Underwebtribes: on Artivism & Hacktivists
Whether they want to create visibility, fight social injustice, recruit members, exert pressure or hack the websites of other communities that diametrically oppose their values, these Underwebtribes unite to ‘combat’.
With the aim to shatter cultural stereotypes, the Art Hoe movement was started by QPOC (Queer Persons of Colour) to give a voice to creatives of all colours, in the most inclusive and positive ways possible. The Art Hoe movement allows throngs of gender nonconforming teens to portray themselves on their own terms, free from stereotypes and mediated preconceptions of their identities. By superimposing themselves in front of famed artworks to raise questions on the representation of people of colour in art, the collective’s submission-based Instagram is an outlet for creative expression and justice.
The Argentinian feminist movement gained firm footing using the hashtag #NiUnaMenos. In doing so, they’ve managed to organise themselves very effectively, creating more justice for women and fighting domestic abuse and violence and other forms of injustice and inequality involving women.

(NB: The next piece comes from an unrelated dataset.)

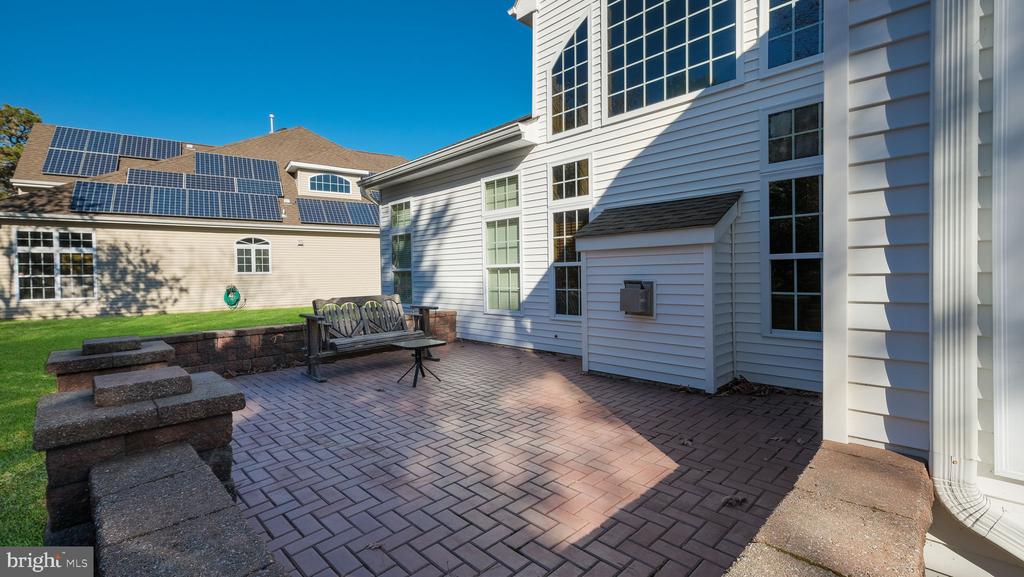 White-sided home with a brick patio, stone seating wall, and a wooden bench.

The international hacktivist network Anonymous is operated by ethical hackers: computer and networking experts who systematically attempt to penetrate a computer system or network on behalf of its owners, with the purpose to track down security vulnerabilities before a malicious hacker has the possibility to exploit it. They also don’t shy away from challenging malefic forces.
After the Orlando shooting which left 49 homosexuals dead in 2016, Anonymous members hijacked a number of ISIS Twitter accounts to replace their jihadist content with pro-LGBT messages and imagery. More recently they hacked dark web hosting site Freedom Hosting II as over 50% of the data stored on the their servers contained child pornography.